I know my high hopes will expand into culinary inspiration, as I see my herb garden growing. The flavors of fresh herbs are bolder then dried herbs, and contain nutrients that were lost in the drying process. Fresh can replace dried in any recipe. Simply substitute 1 Tb fresh for 1 tsp dried herbs. I added fresh basil to a cabbage slaw recipe the other day (a very un-Pa Dutch thing to do), and was pleasantly surprised with the results. This morning, it appeared in my son's scrambled eggs. He loved the eggs, and I loved the extra vitamins he was getting from the basil.
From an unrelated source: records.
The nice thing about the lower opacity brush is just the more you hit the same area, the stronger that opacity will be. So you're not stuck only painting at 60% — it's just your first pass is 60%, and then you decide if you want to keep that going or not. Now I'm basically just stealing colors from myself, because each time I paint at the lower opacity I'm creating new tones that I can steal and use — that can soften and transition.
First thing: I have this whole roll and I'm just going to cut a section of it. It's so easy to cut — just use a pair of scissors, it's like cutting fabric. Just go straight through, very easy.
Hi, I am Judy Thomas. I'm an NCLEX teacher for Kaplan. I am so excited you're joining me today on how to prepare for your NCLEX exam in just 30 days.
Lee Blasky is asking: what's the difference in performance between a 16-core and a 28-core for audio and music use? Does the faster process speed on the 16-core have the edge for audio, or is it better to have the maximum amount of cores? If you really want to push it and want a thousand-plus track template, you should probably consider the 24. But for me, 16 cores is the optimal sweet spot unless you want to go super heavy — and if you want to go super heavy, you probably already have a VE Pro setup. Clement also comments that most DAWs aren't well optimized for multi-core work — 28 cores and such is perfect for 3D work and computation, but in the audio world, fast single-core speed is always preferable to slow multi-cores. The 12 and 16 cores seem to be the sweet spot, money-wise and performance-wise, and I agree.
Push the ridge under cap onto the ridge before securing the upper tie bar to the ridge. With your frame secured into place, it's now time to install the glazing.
Fresh herbs have always played an important role in cooking and life. In the Middle Ages, mint was added to drinking water that had turned stale. In the pioneer days, herb gardens were planted close to the house. Dutch settlers even planted chives in their cow pastures to flavor the milk.
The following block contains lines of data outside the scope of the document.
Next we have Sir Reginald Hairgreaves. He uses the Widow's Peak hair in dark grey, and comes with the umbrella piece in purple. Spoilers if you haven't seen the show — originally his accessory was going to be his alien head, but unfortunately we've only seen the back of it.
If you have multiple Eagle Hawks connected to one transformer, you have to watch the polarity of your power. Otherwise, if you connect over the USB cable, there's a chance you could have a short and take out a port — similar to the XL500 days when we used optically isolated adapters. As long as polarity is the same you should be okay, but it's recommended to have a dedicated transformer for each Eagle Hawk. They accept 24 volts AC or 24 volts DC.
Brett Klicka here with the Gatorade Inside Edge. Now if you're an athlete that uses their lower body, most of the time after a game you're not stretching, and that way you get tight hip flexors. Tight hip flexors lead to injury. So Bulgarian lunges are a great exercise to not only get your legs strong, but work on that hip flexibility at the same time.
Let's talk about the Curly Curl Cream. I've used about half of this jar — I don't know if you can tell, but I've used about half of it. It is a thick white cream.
Herbs are classified into four categories: culinary, aromatic, ornamental, and medicinal.
Gardeners with a slightly greener thumb then I, fill their herb plots with varieties from all four categories.
Basil, dill, anise, and coriander are all annuals. They bloom and die in one season. Biennials are plants that live two seasons, blooming in the second season. Parsley and caraway are biennials. Plants that grow and bloom every season are perennials. Chives, mint, marjoram, fennel, thyme, and tarragon are in this category
Starting an herb garden isn't difficult. Plant different herbs in 12 x 18 inch plots, or in planters with a good drainage system. Herbs will not grow in wet soil. Mint is a voracious grower, so keep it confined in a well-draining pot.
Whenever I buy a bunch of cilantro from the supermarket, it always withers or becomes slimy before I can use all of it. With it planted in my garden, I can snip the exact amount I need and not worry about using it before the slime monster attacks.
These two recipes add life to bread, bagels, corn on the cob, and meats. You can also try adding fresh herbs to biscuits, lettuce and pasta salads , potatoes, roasted chicken or fish, veggies, and even scrambled eggs (yes, it works!).
Herb Butter Roll1/2 pound unsalted butter, softened
2 Tbs plus 2 tsp fresh herbs, minced (try chives and parsley)
1 Tb plus 1 tsp lemon juice1 tsp salt
Freshly ground black pepperPinch of cayenne
Mix the ingredients until evenly combined. Lay out a 1 foot piece of plastic wrap. Put the butter in the bottom center of the wrap, in a mound about 8 inches long. Wrap the butter, to form a tube about 1 1/2 inches in diameter. Twist the ends. Refrigerate until firm or freeze up to 1 month. Sliced as needed.
Herb Cream Cheese2 (8-ounce) packages of cream cheese, softened
1/2 cup fresh basil, minced1/4 cup fresh chives, minced
2 Tbs fresh flat-leaf parsley, minced
Combine all ingredients until the herbs are evenly incorporated. Serve with toasted bagels.